(Input Opens)
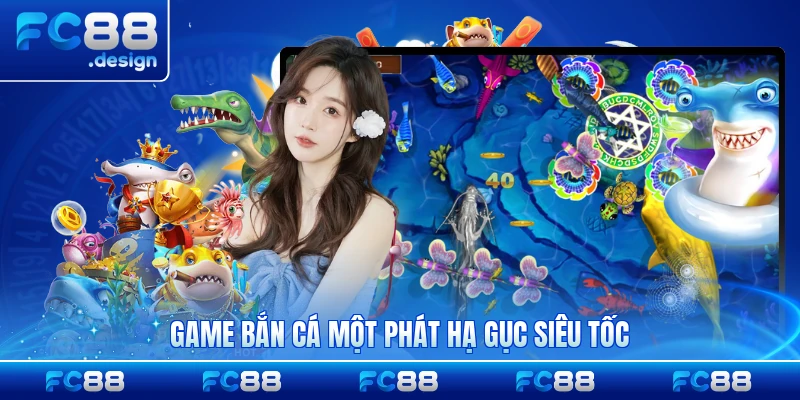 Game bắn cá một phát hạ gục siêu tốc dễ hiểu nhất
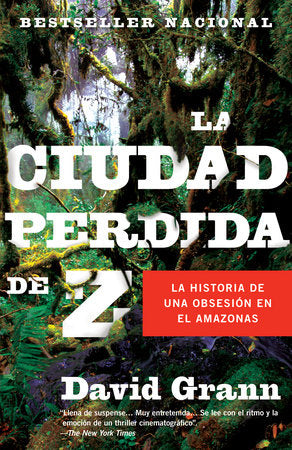 La ciudad perdida de Z / The Lost City of Z Paperback by David Grann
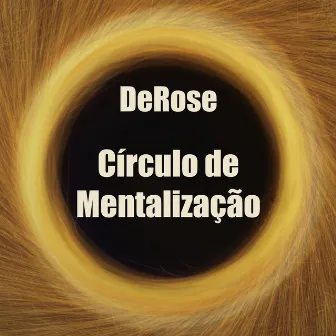 Círculo de Mentalização by DeRose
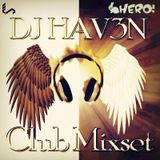 DJ HAV3N - MONSTER MIX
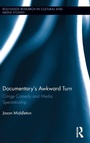 Cover: Documentary's Awkward Turn - Routledge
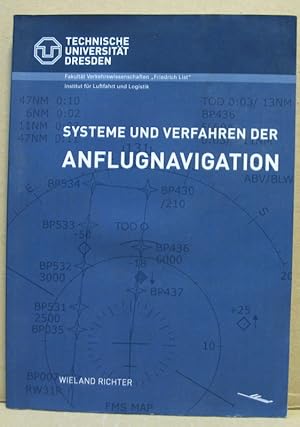 Seller image for Systeme und Verfahren der Anflugnavigation. (Institut fr Luftfahrt und Logistik (FL) - Schriftenreihe. Band 2) for sale by Nicoline Thieme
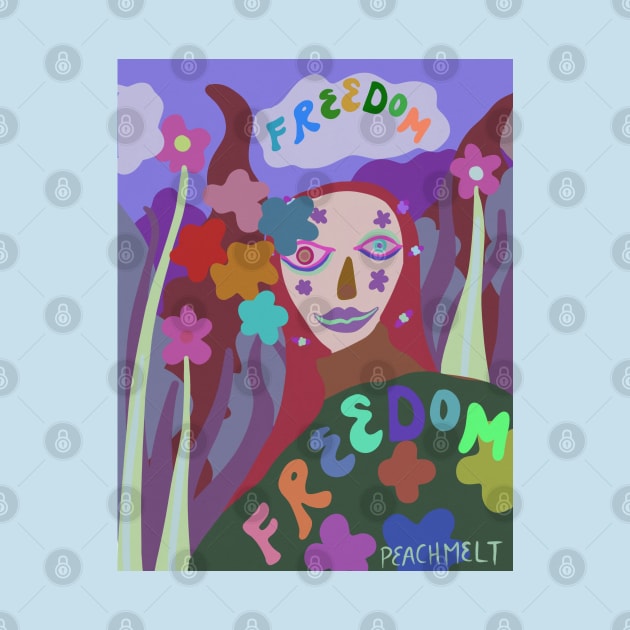 FREEDOM by Peach Melt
(Input Closes)
About this task: The complete set of records should be written out again, pictures excluded.

Exercise output:
 Game bắn cá một phát hạ gục siêu tốc dễ hiểu nhất
 La ciudad perdida de Z / The Lost City of Z Paperback by David Grann
 Círculo de Mentalização by DeRose
 DJ HAV3N - MONSTER MIX
 Cover: Documentary's Awkward Turn - Routledge
 Seller image for Systeme und Verfahren der Anflugnavigation. (Institut fr Luftfahrt und Logistik (FL) - Schriftenreihe. Band 2) for sale by Nicoline Thieme
 FREEDOM by Peach Melt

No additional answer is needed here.